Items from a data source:

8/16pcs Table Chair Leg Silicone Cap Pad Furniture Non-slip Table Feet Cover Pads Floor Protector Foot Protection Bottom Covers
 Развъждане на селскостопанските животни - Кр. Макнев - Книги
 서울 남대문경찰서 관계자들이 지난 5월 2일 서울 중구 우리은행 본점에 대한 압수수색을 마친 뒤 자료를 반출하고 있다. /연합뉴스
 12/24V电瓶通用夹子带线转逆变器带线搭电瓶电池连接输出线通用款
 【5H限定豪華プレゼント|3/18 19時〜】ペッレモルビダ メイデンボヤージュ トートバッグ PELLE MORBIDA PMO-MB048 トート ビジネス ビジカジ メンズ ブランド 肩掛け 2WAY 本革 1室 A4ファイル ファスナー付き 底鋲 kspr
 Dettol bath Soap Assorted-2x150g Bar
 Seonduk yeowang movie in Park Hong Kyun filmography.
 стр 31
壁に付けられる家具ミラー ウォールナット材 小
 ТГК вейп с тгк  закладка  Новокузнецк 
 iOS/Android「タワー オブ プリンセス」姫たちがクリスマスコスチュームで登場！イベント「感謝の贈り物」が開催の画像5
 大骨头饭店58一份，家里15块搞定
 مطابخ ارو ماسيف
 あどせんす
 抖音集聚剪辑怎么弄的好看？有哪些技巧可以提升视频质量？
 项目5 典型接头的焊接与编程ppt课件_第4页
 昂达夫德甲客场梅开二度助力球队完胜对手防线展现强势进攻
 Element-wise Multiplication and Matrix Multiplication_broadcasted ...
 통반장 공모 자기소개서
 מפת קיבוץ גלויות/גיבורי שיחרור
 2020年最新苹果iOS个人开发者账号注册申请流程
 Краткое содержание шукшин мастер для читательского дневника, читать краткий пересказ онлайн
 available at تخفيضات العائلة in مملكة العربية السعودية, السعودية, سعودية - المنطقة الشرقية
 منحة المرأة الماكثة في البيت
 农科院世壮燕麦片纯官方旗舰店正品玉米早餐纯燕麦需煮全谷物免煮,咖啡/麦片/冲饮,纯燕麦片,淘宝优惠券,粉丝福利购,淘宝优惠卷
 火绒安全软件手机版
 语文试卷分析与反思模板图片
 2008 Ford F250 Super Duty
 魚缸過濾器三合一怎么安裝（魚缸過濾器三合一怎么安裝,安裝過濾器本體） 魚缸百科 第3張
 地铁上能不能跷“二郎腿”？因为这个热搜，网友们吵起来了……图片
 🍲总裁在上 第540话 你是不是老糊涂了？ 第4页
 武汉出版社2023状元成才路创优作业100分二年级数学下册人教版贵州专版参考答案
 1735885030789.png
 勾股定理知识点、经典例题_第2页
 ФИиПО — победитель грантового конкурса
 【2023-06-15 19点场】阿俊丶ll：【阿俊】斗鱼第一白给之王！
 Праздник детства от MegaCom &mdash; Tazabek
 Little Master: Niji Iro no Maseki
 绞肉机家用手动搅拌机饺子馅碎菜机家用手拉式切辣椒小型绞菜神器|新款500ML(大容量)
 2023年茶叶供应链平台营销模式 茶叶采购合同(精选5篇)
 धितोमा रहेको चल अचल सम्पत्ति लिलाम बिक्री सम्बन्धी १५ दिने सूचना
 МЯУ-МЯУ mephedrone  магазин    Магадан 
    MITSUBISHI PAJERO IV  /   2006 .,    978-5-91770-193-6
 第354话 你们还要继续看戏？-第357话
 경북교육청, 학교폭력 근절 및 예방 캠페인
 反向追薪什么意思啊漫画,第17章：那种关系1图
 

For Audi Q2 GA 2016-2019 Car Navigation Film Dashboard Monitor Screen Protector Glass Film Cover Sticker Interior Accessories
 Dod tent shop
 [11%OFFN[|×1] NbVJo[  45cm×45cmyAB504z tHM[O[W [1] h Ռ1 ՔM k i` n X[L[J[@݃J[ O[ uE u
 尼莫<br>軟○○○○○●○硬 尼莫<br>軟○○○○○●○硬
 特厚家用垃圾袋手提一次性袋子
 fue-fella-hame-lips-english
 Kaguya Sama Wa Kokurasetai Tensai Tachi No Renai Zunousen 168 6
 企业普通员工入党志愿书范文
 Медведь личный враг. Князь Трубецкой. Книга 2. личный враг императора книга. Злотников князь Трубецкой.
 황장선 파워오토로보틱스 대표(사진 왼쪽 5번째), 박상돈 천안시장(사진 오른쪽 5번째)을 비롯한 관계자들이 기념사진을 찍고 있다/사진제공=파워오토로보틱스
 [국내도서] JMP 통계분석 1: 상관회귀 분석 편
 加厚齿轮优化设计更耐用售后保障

• [Problem]
Report all lines above with "Protector".

• [Answer area]
8/16pcs Table Chair Leg Silicone Cap Pad Furniture Non-slip Table Feet Cover Pads Floor Protector Foot Protection Bottom Covers
For Audi Q2 GA 2016-2019 Car Navigation Film Dashboard Monitor Screen Protector Glass Film Cover Sticker Interior Accessories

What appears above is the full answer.